Nathalie Collard : Je vois ces rues d’un très bon œil, mais est-ce que c’est la panacée ? Je crois qu’il faut être prudent. Je reviens de Copenhague où on trouve sans doute l’une des avenues commerciales piétonnes les plus importantes au monde : la célèbre Strøget. Or, un professeur d’urbanisme réputé de la Royal Danish Academy m’a expliqué que d’un point de vue urbanistique, on ne referait plus ce genre de rues. Pourquoi ? Parce que lorsque les magasins sont fermés, ces rues deviennent des artères fantômes. Ça m’a rappelé un jeudi soir cet été où je marchais sur une avenue du Mont-Royal presque déserte… à 21 h. Pour s’assurer qu’il y ait suffisamment de vie en tout temps, il faut aussi s’assurer qu’il y ait des restos et d’autres commerces et services ouverts en soirée. Sachant cela, ce serait sans doute une très mauvaise idée de piétonniser la rue Sainte-Catherine, par exemple. Quant aux infrastructures conviviales, elles peuvent être installées même dans des rues ouvertes aux voitures. Il suffit simplement de retirer quelques places de stationnement.
Alexandre Sirois : Ton reportage sur Copenhague était inspirant. Tout comme, dans la foulée, la table ronde organisée pour réfléchir sur la façon dont on peut construire des villes qui rendent heureux, notamment en les transformant pour qu’elles favorisent le vivre-ensemble et les quartiers où on peut marcher. La piétonnisation de plusieurs artères commerciales y contribue grandement. Alors, j’y reviens, pourquoi ne pas y songer 365 jours sur 365 dans le cas de l’avenue du Mont-Royal ?

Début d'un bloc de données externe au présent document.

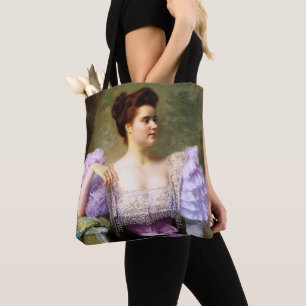 Junge Frau mit einem Hydrangeas-Bouquet Tasche
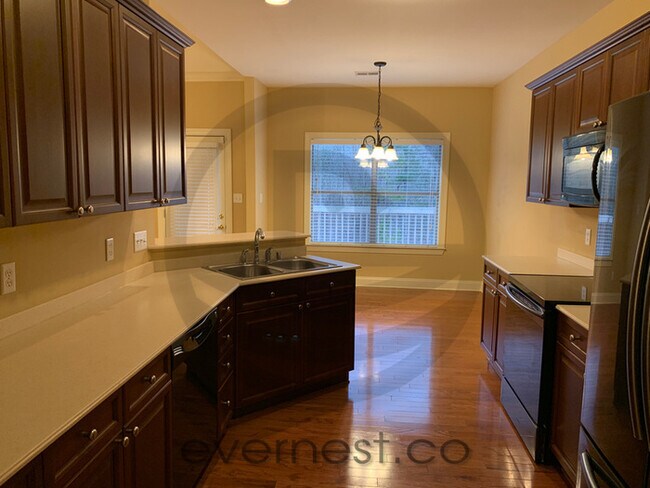 Building Photo - 4116 Old Cahaba Pkwy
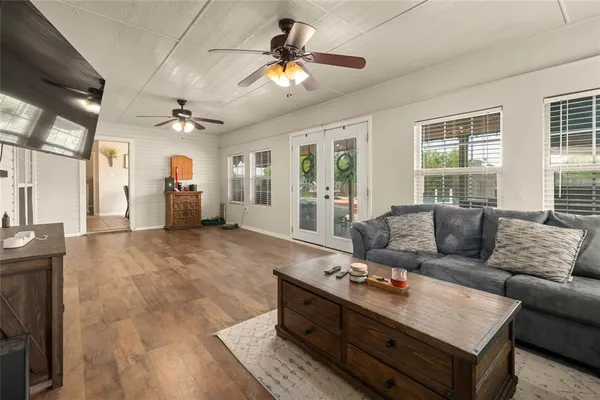 $525,000 | 118 Divide Avenue, Tuscola, TX 79562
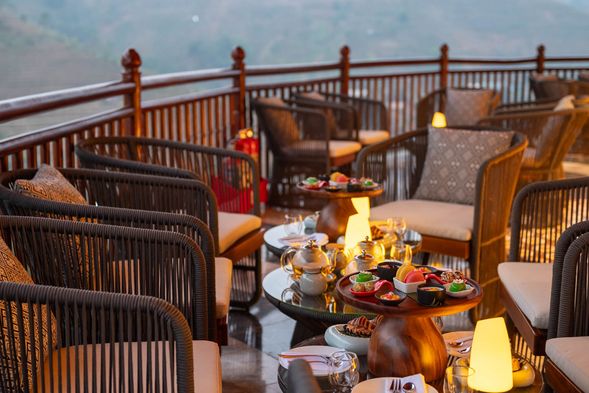 下午茶部份相當精緻,獨特梯田環繞成為最美風景,伴隨清涼的微風吹拂,傍晚時分的景緻更加怡人。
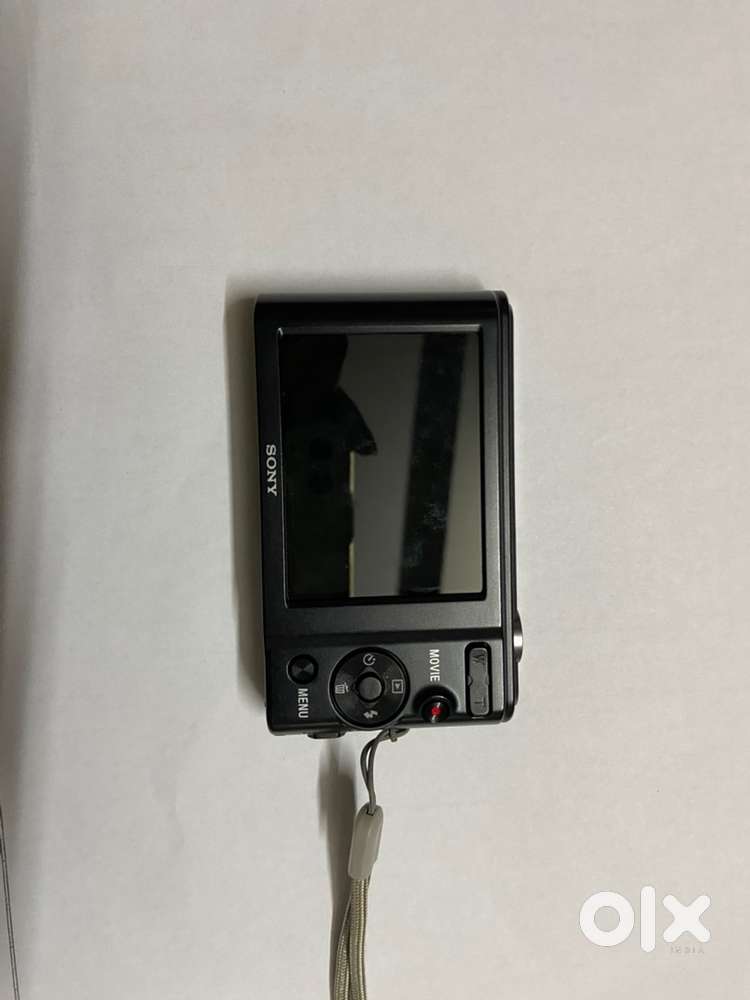 SONY CyberShot DSC-W800/BC IN5 (20.1 MP, Black)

PHOTO ROBERT SKINNER, ARCHIVES LA PRESSE
L’avenue du Mont-Royal en août dernier
Je suis conscient que ça va demander davantage d’efforts et de créativité. Comment on fait pour déneiger, par exemple ? Et comment on fait pour s’assurer que la rue piétonnisée demeure un milieu de vie l’hiver aussi ? Mais je suis persuadé qu’on peut y arriver. Les activités extérieures du festival Montréal en lumière attirent désormais les foules chaque hiver. Je comprends ta circonspection. En revanche, je ne voudrais pas que la Ville dans ce dossier fasse preuve d’un excès de prudence… qui finirait par rimer avec immobilisme.
Nathalie Collard : Je pense que l’immobilisme – ou plutôt l’immobilité – se trouvait surtout du côté des rues du Plateau cet été. Et c’est sans doute cela qui hérisse les gens qui s’opposent à la piétonnisation : l’impact sur les rues avoisinantes. Quand on piétonnise une rue aussi importante que l’avenue du Mont-Royal (et je répète, je suis en faveur de la piétonnisation), il faut s’assurer que les rues autour soient minimalement dégagées. Or, cet été, non seulement le boulevard Saint-Joseph était en travaux, mais une partie de De Lorimier et de Papineau aussi. Ça formait un gros bouchon sur le Plateau-Mont-Royal. Le jour où on planifiera mieux les travaux de toutes sortes dans la ville, je suis pas mal certaine que les expériences de piétonnisation seront beaucoup mieux accueillies.